_Exercise aim_
From the line containing "Fairfield Inn &" down to the last line of the material, output each line exactly as it appears, excluding pictures.

_Information supplied_
------------
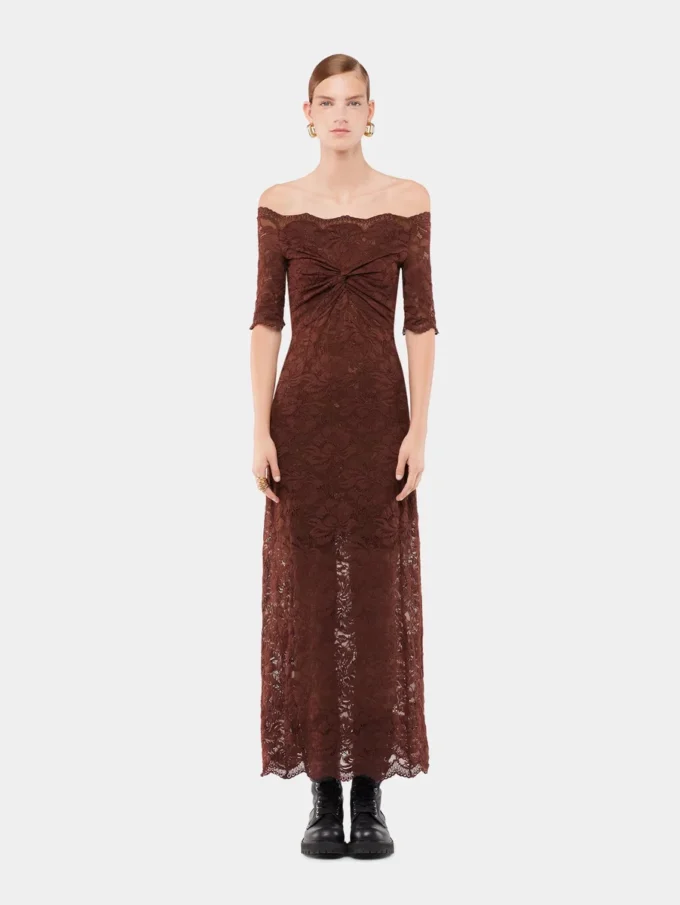 Langes Kleid aus Spitze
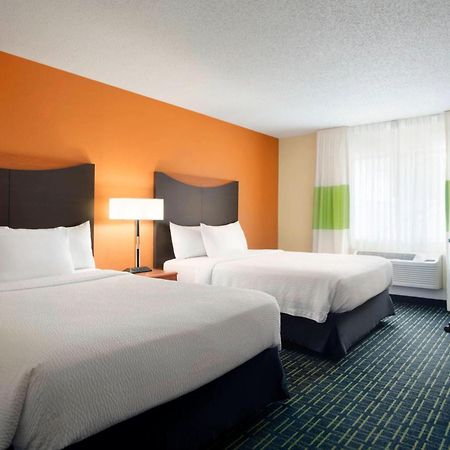 Fairfield Inn & Suites By Marriott Champaign Exterior photo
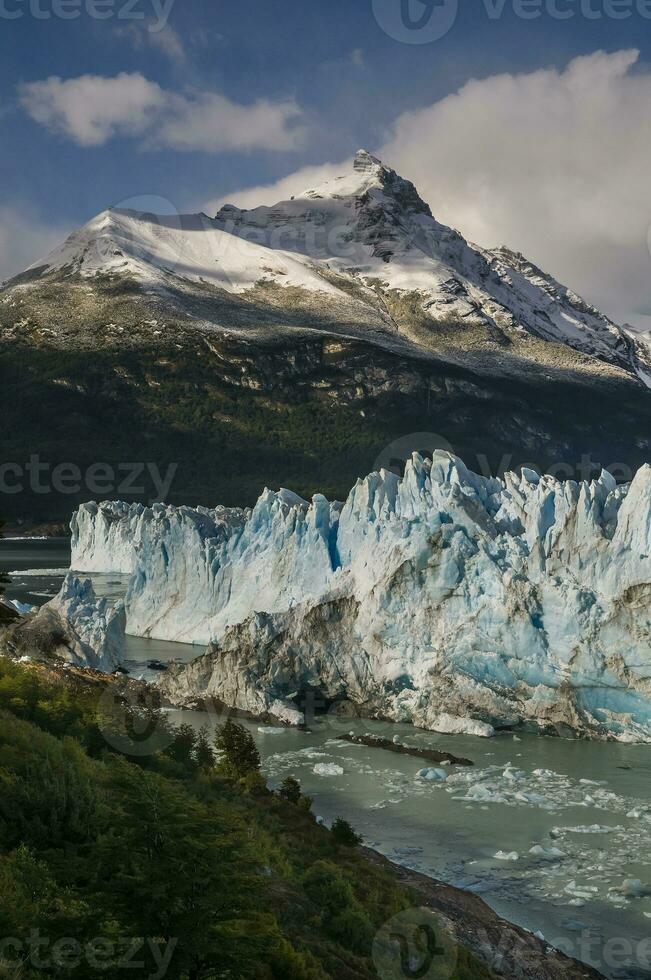 périto plus non glacier, los glaciaires nationale parc, Père Noël cruz province, patagonie Argentine. photo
------------
_Solution_
 Fairfield Inn & Suites By Marriott Champaign Exterior photo
 périto plus non glacier, los glaciaires nationale parc, Père Noël cruz province, patagonie Argentine. photo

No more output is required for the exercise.